Le débat qui avait commencé dans la matinée s'est déroulé jusque tard le soir dans une ambiance électrique, des parlementaires en venant même aux mains dans la journée. Le texte, présenté par le camp de l'opposant Karim Wade, dont la candidature a été invalidée par le Conseil constitutionnel, est soutenu par celui du président Macky Sall qui avait annoncé samedi dernier le report du scrutin.

Le report du scrutin vise à "éviter une instabilité institutionnelle et des troubles politiques graves", et à mener "une reprise complète du processus électoral", ont indiqué des députés en commission préparatoire dans un rapport. Ce report de plus de six mois permet de tenir compte des "réalités du pays", avec notamment la difficulté de tenir une campagne électorale en pleine saison des pluies, entre juillet et novembre, ou encore la collision avec de grandes fêtes religieuses, souligne le rapport.

 

Internet coupé

Le quartier du Plateau, siège de la décision politique, a offert le spectacle rarissime de protestataires en petit nombre jouant au chat et à la souris avec les forces de sécurité parmi les Dakarois vaquant à leurs activités autour de l'Assemblée placée sous la protection de dizaines de gendarmes et de policiers appuyés par des véhicules lourds.

"L'essentiel pour moi est de dire non à cet agenda politique, ce coup de force pour essayer de rester au pouvoir", a dit à l'AFP l'un des manifestants, Malick Diouf, 37 ans.
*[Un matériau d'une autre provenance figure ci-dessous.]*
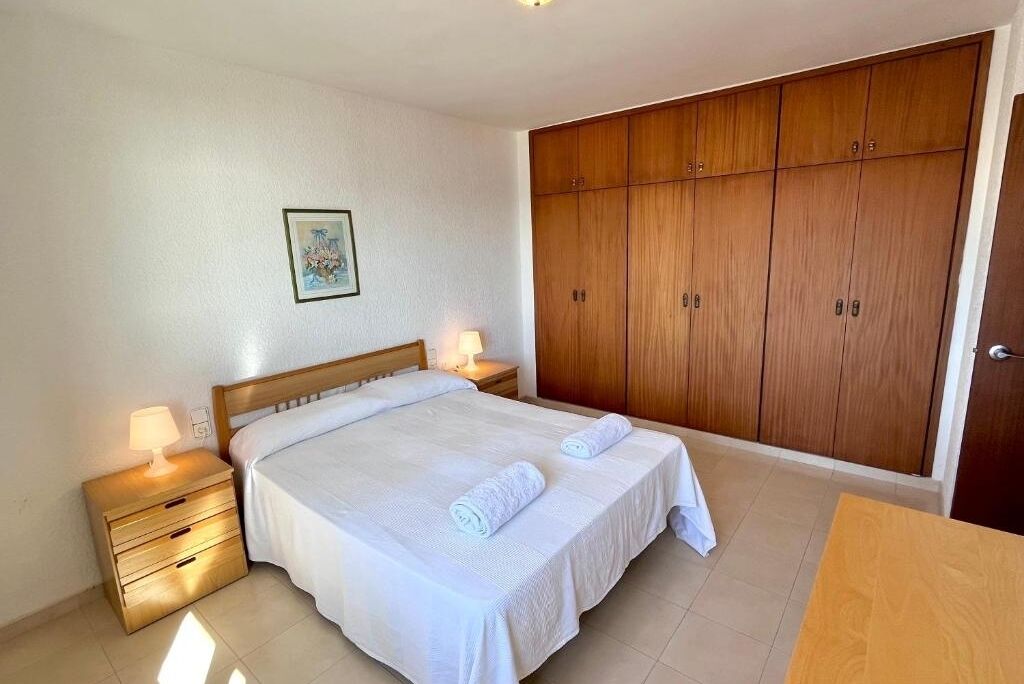 A bedroom with a wooden wardrobe, a bed with white bedding, and a nightstand with a lamp.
Le Sénégal, réputé comme un îlot de stabilité en Afrique de l'Ouest, est en proie à de vives tensions depuis que le président Sall a annoncé samedi, quelques heures avant l'ouverture de la campagne, le report de la présidentielle prévue le 25 février.

Cette décision dénoncée avec virulence par ses détracteurs comme un "coup d'Etat constitutionnel" plonge le pays dans l'inconnu et fait craindre une ébullition, qui ne s'est pas confirmée pour le moment. Elle a causé un tollé parmi les candidats qualifiés et dans la société civile, y compris dans les milieux religieux.
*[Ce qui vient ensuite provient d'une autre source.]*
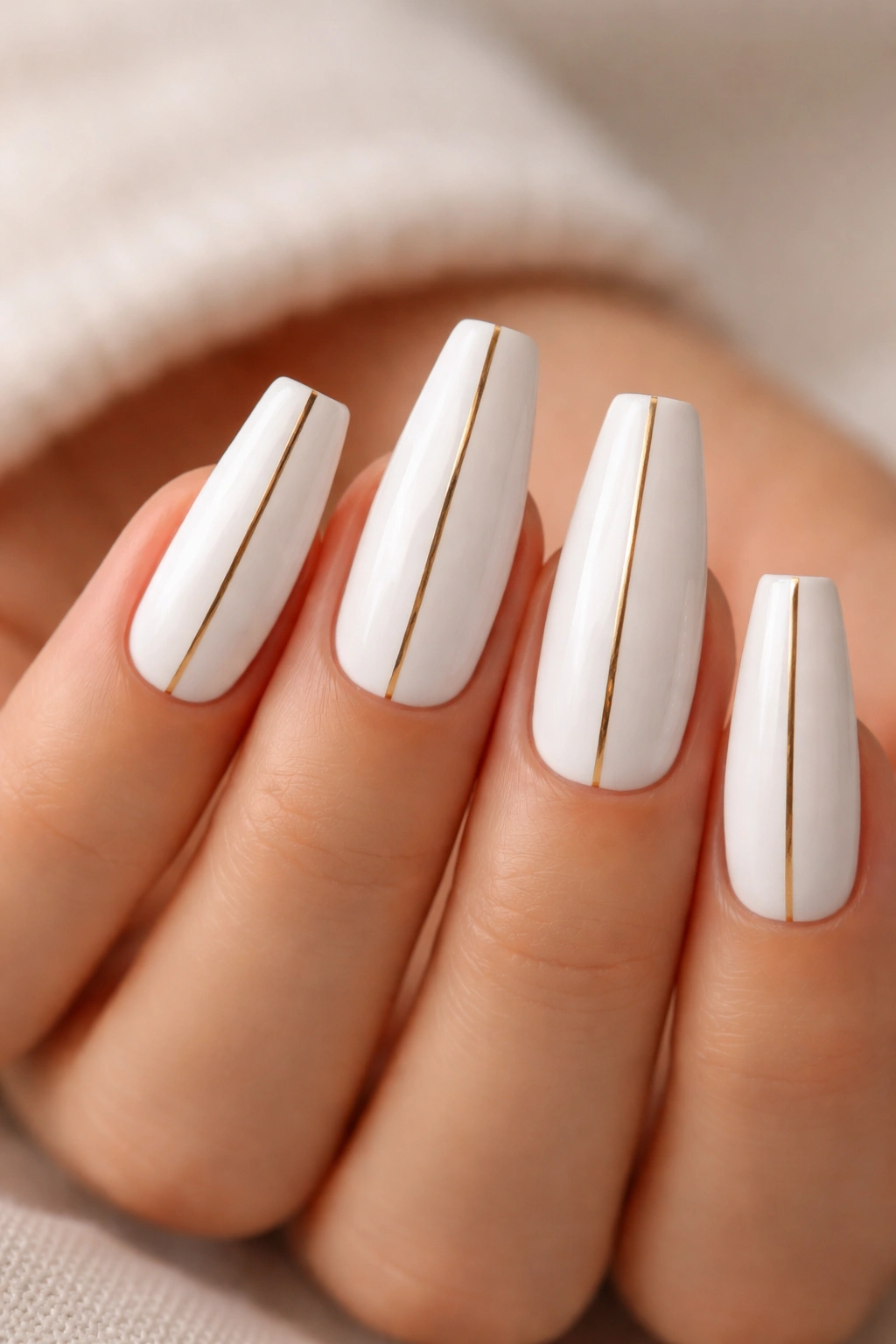 Close-up of white coffin nails with delicate gold stripes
Les autorités ont réprimé de premières tentatives de rassemblements dimanche. L'internet a été coupé lundi, moyen devenu courant ailleurs d'enrayer les mobilisations et déjà employé par le gouvernement sénégalais en juin 2023, dans un contexte de crise politique.

 

Inquiétude internationale

Adoption ou rejet, la situation, sans précédent dans un pays qui a régulièrement élu ses présidents et n'a jamais connu de coup d'Etat, une rareté sur le continent, demeurera hautement volatile.
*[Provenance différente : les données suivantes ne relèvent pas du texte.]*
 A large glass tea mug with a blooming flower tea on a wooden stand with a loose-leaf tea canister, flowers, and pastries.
La Communauté des Etats d'Afrique de l'Ouest (Cedeao), l'Union africaine, les Etats-Unis, l'Union européenne, la France, le Royaume-Uni et l'Allemagne, partenaires importants du Sénégal, ont exprimé leur inquiétude.

De nombreuses organisations de défense des droits, sénégalaises et internationales, ont réprouvé les restrictions à internet ainsi que la suspension de la licence de la télévision privée Walf TV. Elles ont appelé les autorités à se garder d'un usage excessif de la force, des arrestations arbitraires et des atteintes aux libertés.

"Le Sénégal est considéré de longue date comme un modèle de démocratie dans la région. Cette réalité est aujourd'hui menacée", a écrit Human Rights Watch.

La crise fait redouter au Sénégal un nouvel accès de fièvre comme ceux qu'il a connus en mars 2021 et juin 2023, qui ont causé des dizaines de morts et donné lieu à des centaines d'arrestations.

Le flou maintenu pendant des mois par le président Sall sur une nouvelle candidature en 2024 avait contribué aux crispations à l'époque. Il avait finalement annoncé en juillet 2023 qu'il ne briguerait pas un nouveau mandat.

Malgré une indignation largement partagée sur les réseaux sociaux, la protestation contre le report de la présidentielle n'a pas gagné massivement les rues. L'université de Dakar, haut lieu historique de contestation, est fermée depuis les troubles de 2023 et le parti anti-système Pastef a été éprouvé par les arrestations.

L'opposition dénonce une dérive autoritaire du pouvoir. Avec l'ajournement de la présidentielle, elle soupçonne un plan pour éviter la défaite inévitable selon elle du camp présidentiel, voire pour prolonger la présidence Macky Sall, malgré l'engagement réitéré samedi par ce dernier de ne pas se représenter.